Standing on their own, the total throughput and programmability attributes of the Tofino 2 are impressive and open up a new range of use-cases for bandwidth-intensive environments like hyper-scale datacenters.
However, Intel is taking things a step further by co-packaging their Silicon Photonics technology in the place of traditional optical transceivers, increasing the amount of bandwidth that can be efficiently consumed per-port.
Although much of the conversation around the co-packaged Tofino 2 and Photonics switch seems focused on high-density scenarios, perhaps the most interesting potential use is to further enable disaggregation of resources and a transition away from the traditional all-encompassing x86 server node.

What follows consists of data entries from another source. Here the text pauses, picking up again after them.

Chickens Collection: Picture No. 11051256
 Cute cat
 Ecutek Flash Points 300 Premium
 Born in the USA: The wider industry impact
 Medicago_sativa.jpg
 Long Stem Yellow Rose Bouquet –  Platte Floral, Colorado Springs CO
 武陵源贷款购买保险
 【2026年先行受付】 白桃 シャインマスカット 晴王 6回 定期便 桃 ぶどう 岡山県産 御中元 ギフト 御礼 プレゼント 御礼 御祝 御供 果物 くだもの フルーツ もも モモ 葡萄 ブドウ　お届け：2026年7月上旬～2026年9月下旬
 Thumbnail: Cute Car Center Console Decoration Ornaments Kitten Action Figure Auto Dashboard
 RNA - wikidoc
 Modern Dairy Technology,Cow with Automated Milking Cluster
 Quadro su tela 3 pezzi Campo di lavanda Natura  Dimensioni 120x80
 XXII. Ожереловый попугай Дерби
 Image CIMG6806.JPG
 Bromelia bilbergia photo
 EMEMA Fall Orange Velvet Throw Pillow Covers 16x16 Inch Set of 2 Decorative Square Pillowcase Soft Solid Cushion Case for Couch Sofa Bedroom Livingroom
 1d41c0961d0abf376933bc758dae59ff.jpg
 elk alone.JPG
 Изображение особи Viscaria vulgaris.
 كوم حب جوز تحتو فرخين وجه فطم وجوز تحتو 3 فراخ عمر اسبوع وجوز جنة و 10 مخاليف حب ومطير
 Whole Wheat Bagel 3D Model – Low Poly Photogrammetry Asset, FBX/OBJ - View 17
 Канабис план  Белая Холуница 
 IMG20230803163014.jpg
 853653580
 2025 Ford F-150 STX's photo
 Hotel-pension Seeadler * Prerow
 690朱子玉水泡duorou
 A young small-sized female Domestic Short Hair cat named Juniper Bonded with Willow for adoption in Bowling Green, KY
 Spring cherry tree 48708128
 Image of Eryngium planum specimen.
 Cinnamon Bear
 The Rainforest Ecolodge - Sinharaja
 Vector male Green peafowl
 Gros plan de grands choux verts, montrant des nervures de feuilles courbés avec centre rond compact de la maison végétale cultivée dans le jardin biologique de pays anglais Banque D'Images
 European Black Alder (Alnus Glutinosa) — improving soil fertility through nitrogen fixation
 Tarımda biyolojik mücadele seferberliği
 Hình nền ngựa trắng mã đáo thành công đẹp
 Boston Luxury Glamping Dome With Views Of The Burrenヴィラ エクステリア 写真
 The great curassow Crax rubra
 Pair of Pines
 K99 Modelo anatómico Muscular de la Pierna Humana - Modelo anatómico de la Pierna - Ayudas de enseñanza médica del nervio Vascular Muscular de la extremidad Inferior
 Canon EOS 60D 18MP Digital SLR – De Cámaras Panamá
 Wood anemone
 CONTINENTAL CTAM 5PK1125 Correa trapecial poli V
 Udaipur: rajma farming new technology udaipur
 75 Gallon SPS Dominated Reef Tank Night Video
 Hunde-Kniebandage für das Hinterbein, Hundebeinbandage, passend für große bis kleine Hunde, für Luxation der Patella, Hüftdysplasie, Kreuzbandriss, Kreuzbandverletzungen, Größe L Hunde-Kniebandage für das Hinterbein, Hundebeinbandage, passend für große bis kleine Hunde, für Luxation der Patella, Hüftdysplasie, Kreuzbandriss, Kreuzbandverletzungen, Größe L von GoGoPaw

With that, an interesting question comes to mind – how does the development of this new switching platform impact the future of Intel’s Rack Scale Design and overall composable disaggregated strategy?
Escaping the Boundary of the x86 Server
The limitations of a single x86 server are well-known, and its fixed ratios of computing, storage, and networking capacity have been a constraint the technology industry has worked against for some time.
To escape this boundary and move certain types of resources outside of the individual server so they can be consumed and scaled independently, a very high speed and low latency external interconnect technology is needed.
Previous attempts to disaggregate resources have relied on technologies like PCI Express and Ethernet for this purpose. Of these two, Ethernet is far more prominent when used as an external interconnect is concerned, and it is becoming more widely used as a generic transport every year.
However, as Ethernet reaches the speeds (100Gb+) required to be competitive with PCI Express in attaching high-bandwidth external devices, the efficiency of traditional optical transceivers become a significant limitation.
This is where Silicon Photonics comes into play. Because transmitted data does not have to be converted back and forth between light and an electrical signal, more switch resources are available for achieving higher port density and per-port bandwidth levels.
To make resource disaggregation realistic, though, the switch ASIC itself has to be up to the task, as well. It just so happens that the Tofino 2, being one of the fastest Ethernet ASICs available, has enough aggregate bandwidth available to bring this all together.
Considering these items, the situation has become very interesting for Intel. As a manufacturer of CPU’s, FPGA’s, GPU’s, SSD’s, storage-class memory, and (now) high-speed Ethernet switching, Intel now has all of the major components beneath one roof to push their vision of composable disaggregated infrastructure forward to the next iteration.
Conclusion
While Ethernet may or may not replace PCI Express as the transport of choice when connecting disaggregated resources like GPU’s and FPGA’s to the compute resources that consume them, it’s becoming a more realistic proposition at the per-port bandwidths that Silicon Photonics enables.
As we’ve seen generally with the popularity of composable systems that are already on the market, a growing number of customers appreciate the flexibility and economics that can come along with the pooling and as-needed allocation of hardware resources. The potential to use a ubiquitous and flexible interconnect like Ethernet for this purpose strengthens the value proposition further.
In any case, it will be very interesting to see what impact these technologies have on the future of disaggregated architectures, and the options they ultimately provide to customers. The strategic decisions being made lead one to believe that the usefulness of Tofino 2 with Photonics in this context is not just a fortunate accident.